→ **Work instruction**
Although the records contain pictures, the copy should leave them out and match everything else exactly.

*** Data to use ***

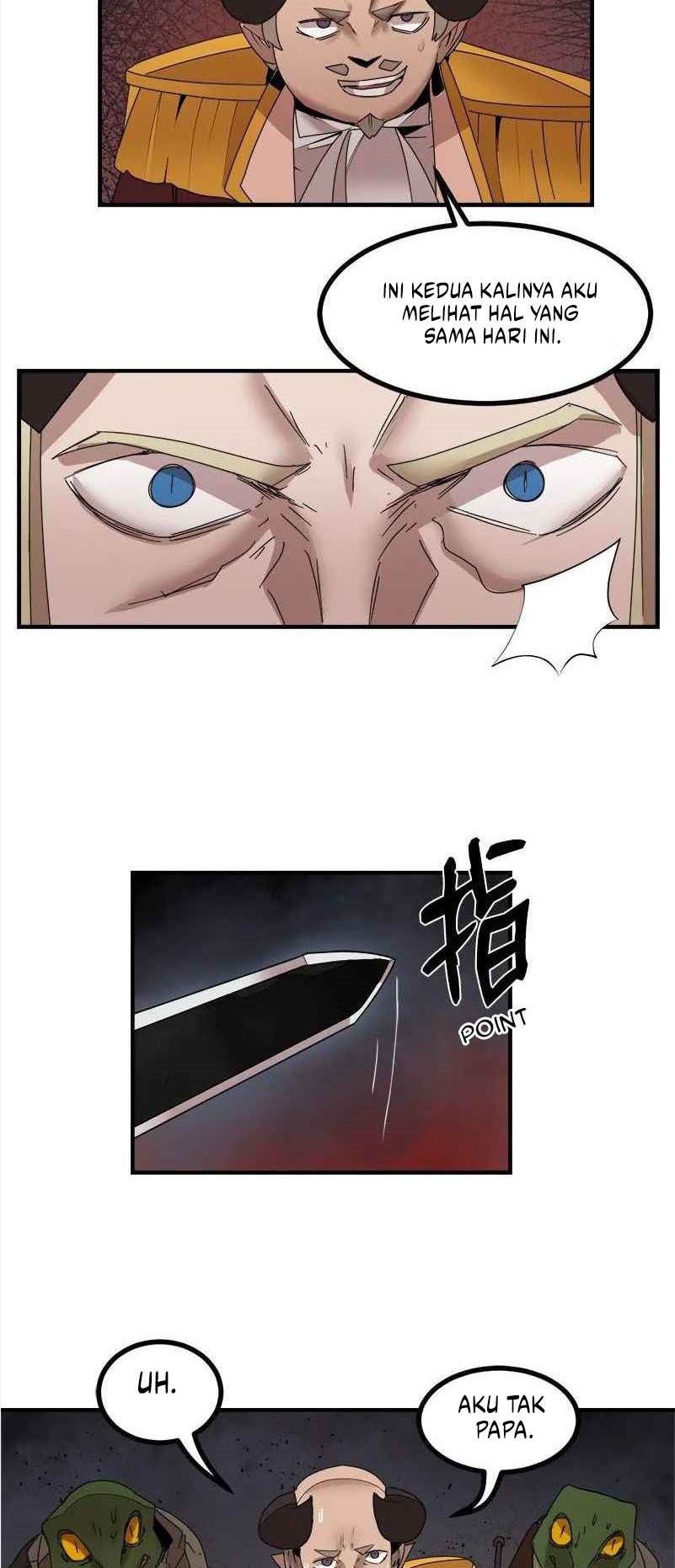 The Dungeon Master Chapter 145 halaman 26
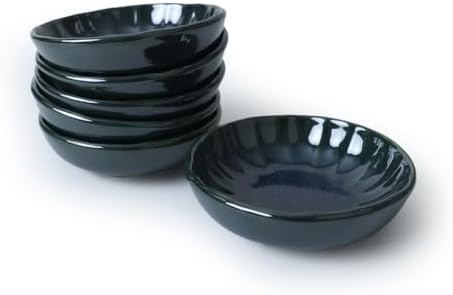 Zümrüt Çerezlik/Sosluk 12 Cm 6 Adet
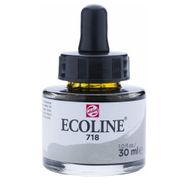 Talens Warm Grey 30 ml Sulu Boya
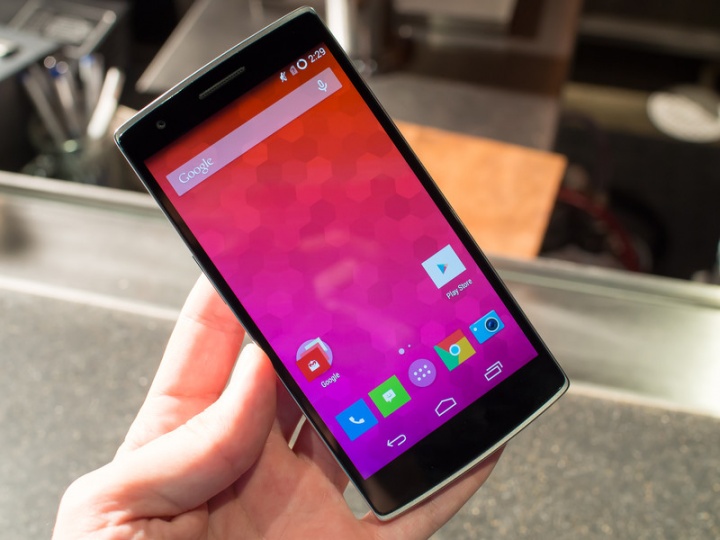OnePlus One lze zakoupit v říjnu bez pozvání 4 OnePlus One lze zakoupit v říjnu bez pozvání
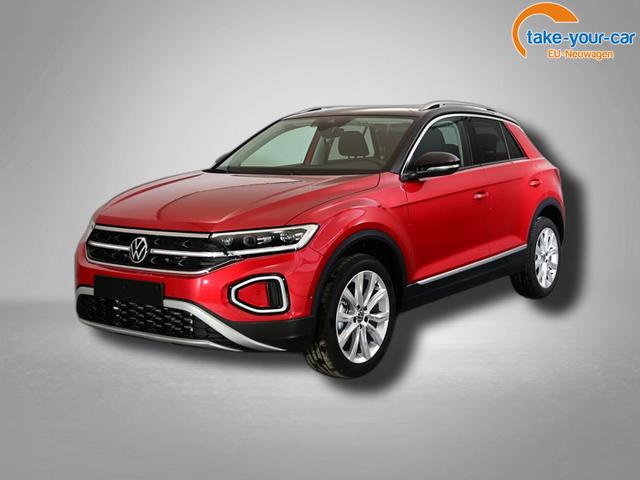 Volkswagen - T-Roc - EU-Neuwagen - Reimport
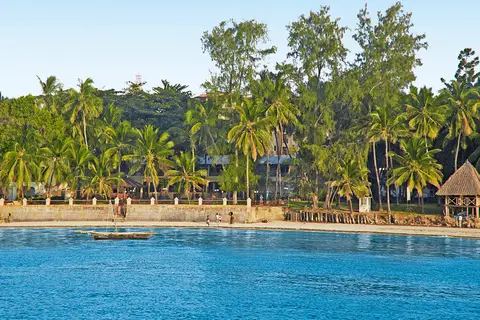 Neptune Beach Resort in Kasemeni ward — foto 9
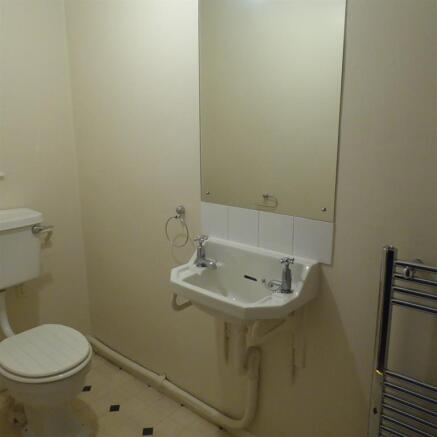Downstairs WC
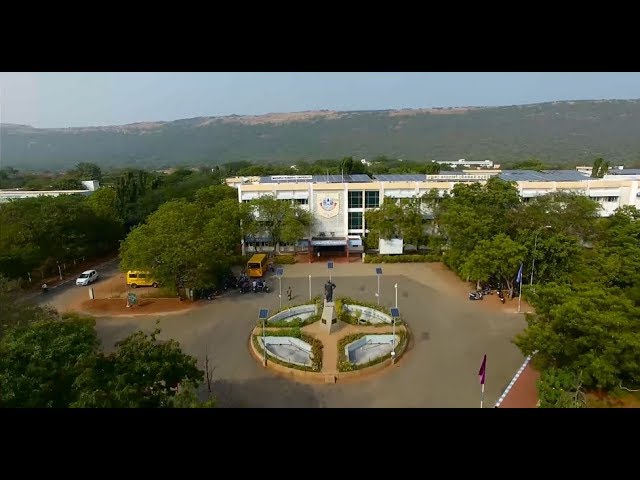 Madurai Kamaraj University video #1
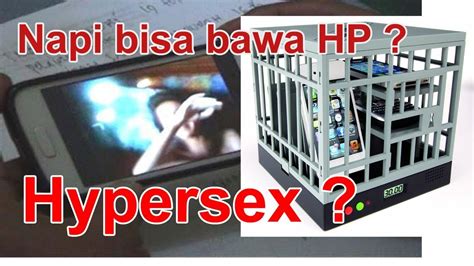 Brigpol Dewi Kirim Foto Hot Ke Ponsel Narapidana Youtube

*** End of Data to use ***

→ **Result below**
 The Dungeon Master Chapter 145 halaman 26
 Zümrüt Çerezlik/Sosluk 12 Cm 6 Adet
 Talens Warm Grey 30 ml Sulu Boya
OnePlus One lze zakoupit v říjnu bez pozvání 4 OnePlus One lze zakoupit v říjnu bez pozvání
 Volkswagen - T-Roc - EU-Neuwagen - Reimport
 Neptune Beach Resort in Kasemeni ward — foto 9
Downstairs WC
 Madurai Kamaraj University video #1
 Brigpol Dewi Kirim Foto Hot Ke Ponsel Narapidana Youtube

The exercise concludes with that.